Scriptmania

 

 

"La naissance de l'écriture ou la vraie révolution"(suite)

 

En Mésopotamie où elle avait été conçue, la civilisation de type sumérien était bien adaptée à un milieu très particulier. Elle s'imposa aussi, à partir du milieu du IIIé millénaire, ponctuellement dans certains pays du Levant: à Mari, à Ebla qui n'en gardérent pas moins une forte originalité, à côté d'une civilisation dite du Bronze ancien, beaucoup plus archaïque et qui resta en dépit de l'aspect urbain de ses agglomérations, en deçà de la mutation marquée par l'usage de l'écriture et l'essor des arts devenus dès lors traditionnels. Cet archaïsme fut sans doute l'une des causes de l'effondrement de cette civilisation du Bronze ancien en Palestine, et du large retour au nomadisme de la population. Ce fut seulement à partir du IIe millénaire que de nombreux royaumes du Levant, souvent fondés nouvellement grâce à la sédentarisation des nomades Amorites, adoptèrent l'écriture de Sumer, avec la langue de Babylone, pour leur administration dont le palais de chaque État était le cœur. L'empire hittite naquit à cette même époque, en adoptant aussi l'écriture cunéiforme; des monarchies de type apparenté, quoique indépendantes, naquirent en Crète puis dans la Grèce mycénienne, en élaborant leurs écritures particulières. Une époque particulièrement brillante, dite du Bronze moyen et récent fut ainsi inaugurée, marquée par l'intervention constante de l'Égypte avant et surtout après l'intermède des Hyksos, dans un vaste concert des nations. La longue élaboration de l'alphabet, en marge et au cœur des administrations urbaines, illustre l'originalité de la civilisation du Levant, tandis que la métallurgie du fer naissait en Anatolie hittite. Mais ces deux "inventions", pour importantes qu'elles fussent, coïncidèrent seulement avec un événement à nos yeux d'importance majeure: I'effondrement dans tout le Levant et le bassin oriental de la Méditerranée, de la civilisation " palatiale', à l'aube du XIIe siècle. Les circonstances et les causes de cette catastrophe peuvent être déduites surtout de l'analyse des archives mycéniennes en Linaire B 24, et de celles du petit royaume d'Ugarit 25. La soudaineté et la simultanéité de la disparition de royaumes et d'empires brillants appellent une explication commune, qui ne saurait résider dans des accidents tels que des invasions ponctuelles dont la coordination apparaît invraisemblable.

Il semble plutôt que l'administration trop centralisée des palais imposait une spécialisation excessive, une concentration de populations dans les villes, au détriment de leur environnement campagnard qui se dépeupla.
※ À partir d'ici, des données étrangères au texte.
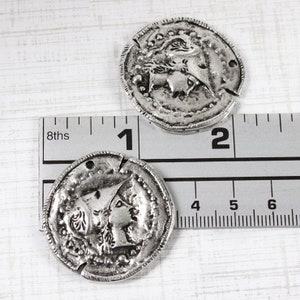 K&ouml;nnte beinhalten: Zwei silberfarbene Metallm&uuml;nzen-Anh&auml;nger mit erhabenen Designs. Die Anh&auml;nger haben einen Durchmesser von etwa 2,5 cm und zeigen auf der einen Seite ein Profil eines Frauenkopfes und auf der anderen Seite ein Design eines Frauenkopfes mit einer Krone.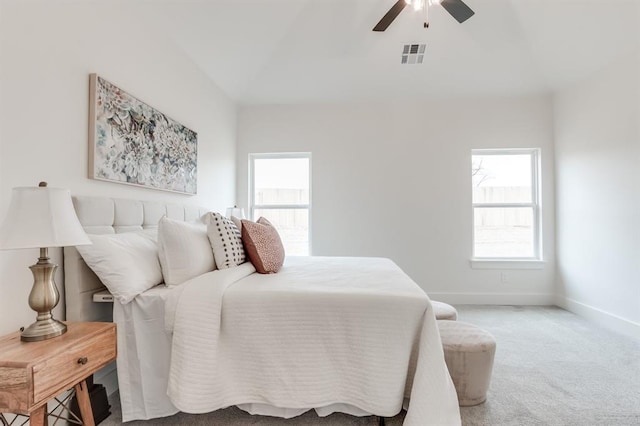 11616 NW 106th St, Yukon, OK 73099 - carpeted bedroom with multiple windows, baseboards, lofted ceiling, and a ceiling fan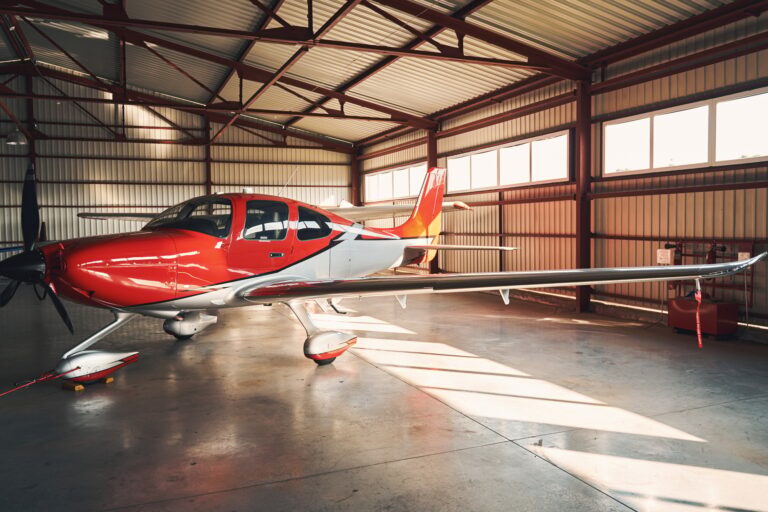 Modern aircraft in airport parking building hangar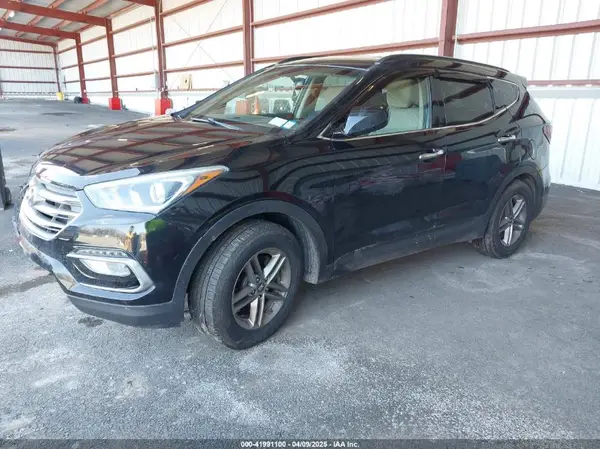 5NMZUDLB4HH031957 2017 HYUNDAI SANTA FE - Image 2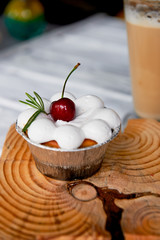 cheesecake with cherries in tartlets. On wooden frame interesting shapes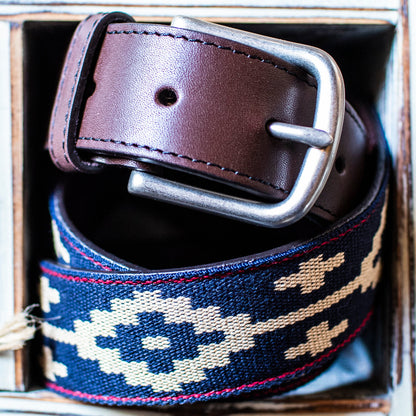 A brown leather belt with a Navy, Red, and Khaki woven geometric pattern and solid brass buckle.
Plus exactement, I'exploitation abusive des populations rurales, pourvoyeuses en nourriture des citadins groupés autour des palais, dot provoquer une fuite dans des villages aussi éloignés que possible. Les paysans durent aussi rejoindre les populations non urbanisées telles que les redoutables Habicu, et autres nomades qui arpentaient les franges du grand désert syro-arabique.

Finalement, le vaste complexe de civilisations conventionnellement dites du Bronze, riche de sa diversité et de l'intensité de ses échanges, implosa en quelque sorte d'un seul coup dans l'ensemble du Levant et de la Méditerranée orientale. Cela provoqua de vastes déplacements des populations marginales, maritimes d'une part, et ce furent les "Peuples de la Mer" arrêtés de justesse par les Égyptiens; nomades d'autre part, et ce furent les Araméens qui s'agitèrent longuement comme leurs proches-parents Hébreux et de Transjordanie, avant de se fixer dans les territoires laissés vacants. Et ils fondèrent ensuite des royaumes que l'on peut définir comme nationaux 26, d'un type largement nouveau, là où avaient disparu les royaumes devenus archaïques de ce qu'il est convenu d'appeler l'âge du Bronze.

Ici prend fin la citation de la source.